Sebuah Catatan di Hari Pendidikan Nasional
Hari
Pendidikan Nasional (Hardiknas) yang biasa diperingati setiap tanggal 2
Mei menjadi sebuah refleksi bagi kalangan yang berkecimpung dalam dunia
pendidikan bahwa pendidikan harus terus berkembang. Sehingga Hardiknas
tidak hanya menjadi sebuah seremoni, dimana upacara menjadi kegiatan
wajibnya tanpa ada perubahan atau makna apapun yang didapatkan. Terlebih
lagi ketika berkaca pada pendidikan di Indonesia.
Sebagai
contoh, Ujian Nasional (UN) tingkat SMP yang sedang berlangsung pada
pekan ini.
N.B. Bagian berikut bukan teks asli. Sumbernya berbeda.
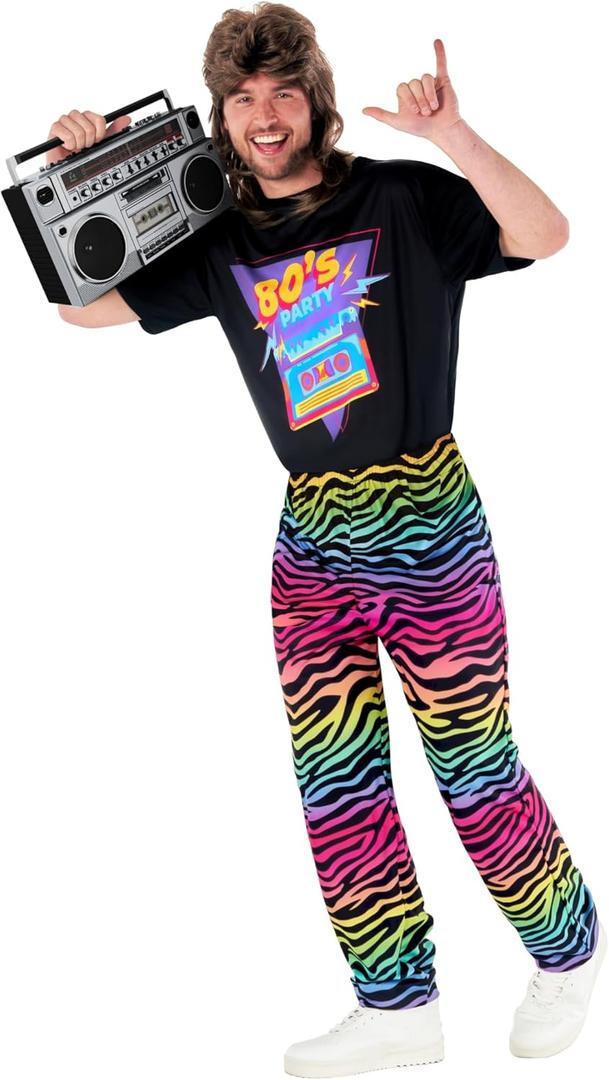 Morph Cool 80s Costumes for Men - Retro 80s Outfit, Vintage Mens Costume, Classic Halloween Party Attire (X-Large)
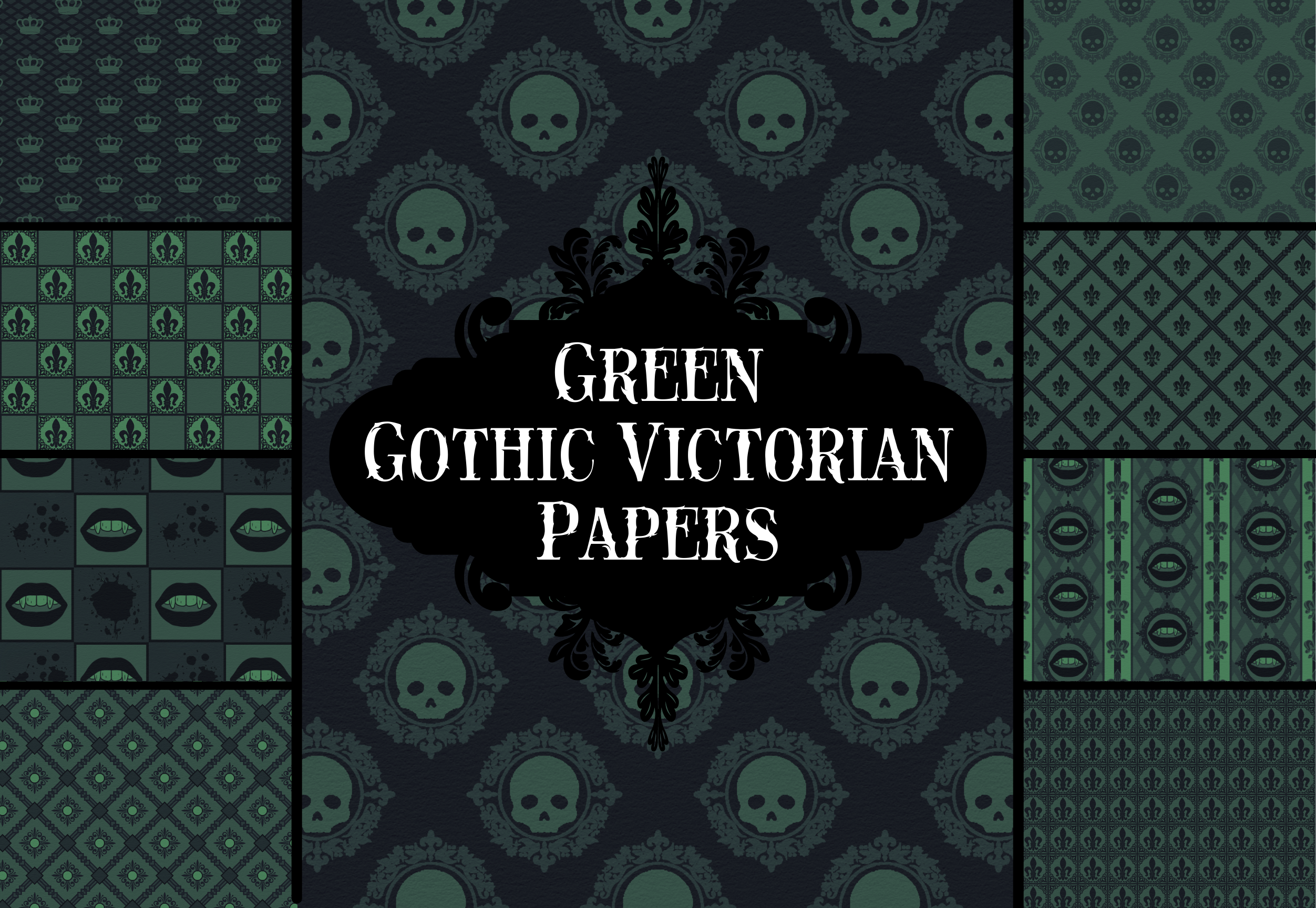 Gothic victorian papers green grafik von crewes creations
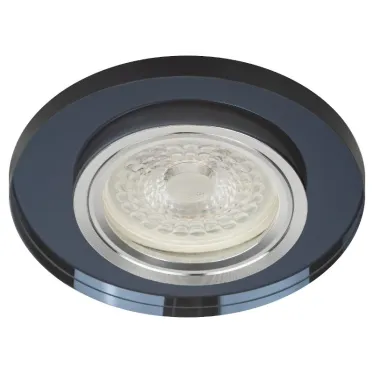 Светильник декор стекло круглое MR16,12V/220V, 50W, хром/черный DK7 CH/BK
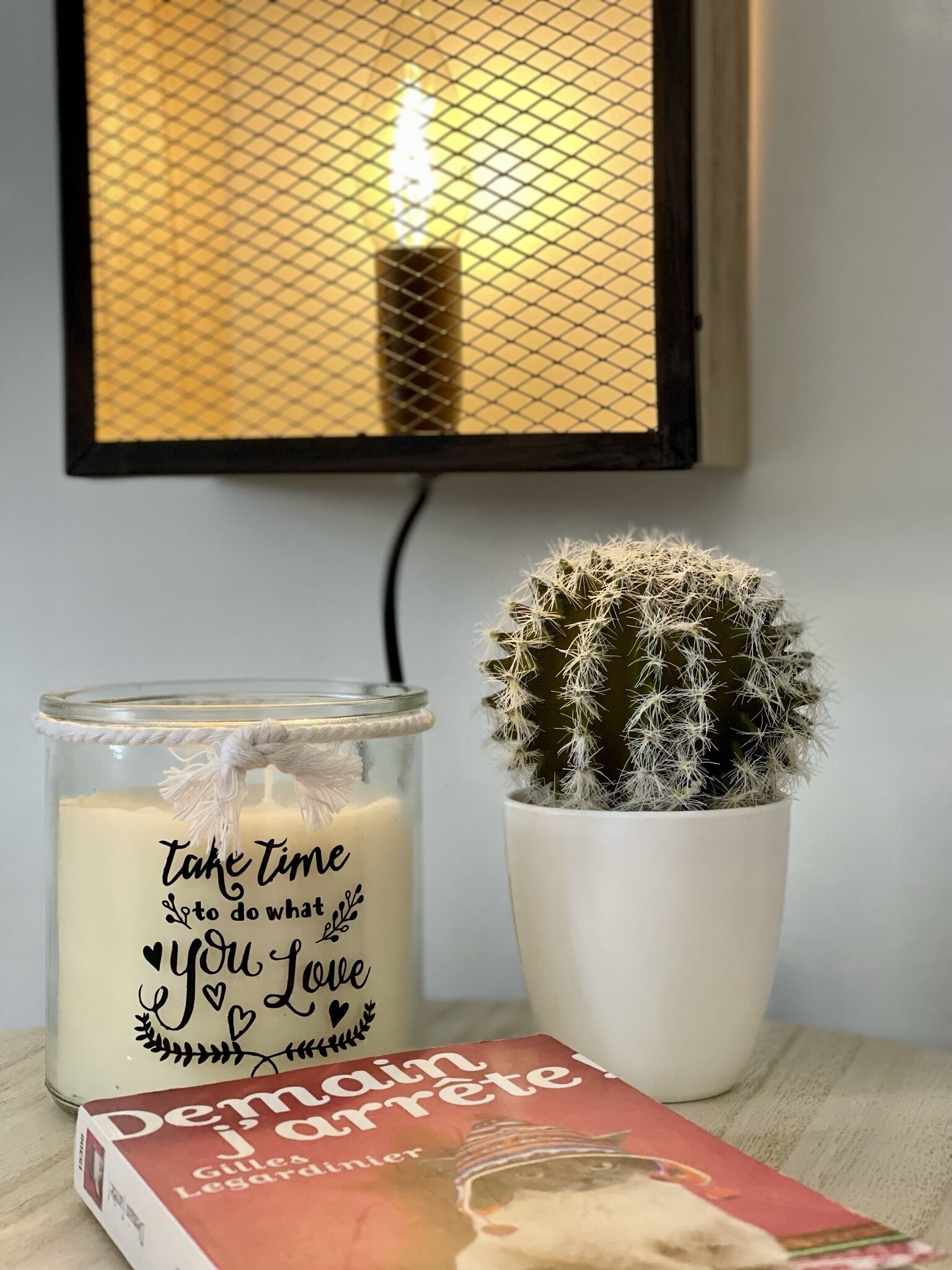 A candle with a motivational message, a potted cactus, and a book titled 'Demain je l'arraire' by Gilles Legardulnier.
Apakah UN SMP akan mengulang kembali sejarah UN SMA? Dimana
ketidakjujuran menjadi hal yang sudah sangat biasa.
Mengenai hal ini Endrizal Nazar memberikan catatan:
Dengan
adanya ketidakjujuran saat UN, berarti pendidikan karakter belum
sepenuhnya berhasil dan kalau dilihat dari muatan pendidikan yang lebih
menekankan pada aspek kognitif daripada afektif. Apalagi pendidikan
agama yang hanya 2 jam pelajaran per pekan dalam bentuk hafalan dan
pengetahuan semata, kurang aspek penghayatan dan pengalaman. Walaupun
sebenarnya hal ini agak terbantu dengan kegiatan Kerohanian Islam
(Rohis) yang lebih mengajak siswa menyadari keislamannya dan latihan
beramal. Sayangnya yang mengikuti Rohis hanya sedikit dibandingkan
jumlah keseluruhan siswa. Terlebih dengan kebijakan UN yang menekankan
pada nilai capaian kuantitatif menyebabkan siswa berlomba untuk mencapai
nilai terbaik walaupun terkadang dengan jalan yang tidak baik.
Endrizal juga menambahkan:
Hal
tersebut tidak bisa diatasi dengan kebijakan revolusi mental. Karena
yang namanya revolusi bersifat cepat dan seketika, sementara pembentukan
karakter membutuhkan waktu yang panjang, dari sejak kelahiran hingga
mereka berusia dewasa. Itu pun tidak hanya membutuhkan peran serta
sekolah, tetapi juga membutuhan peran serta keluarga dan masyarakat.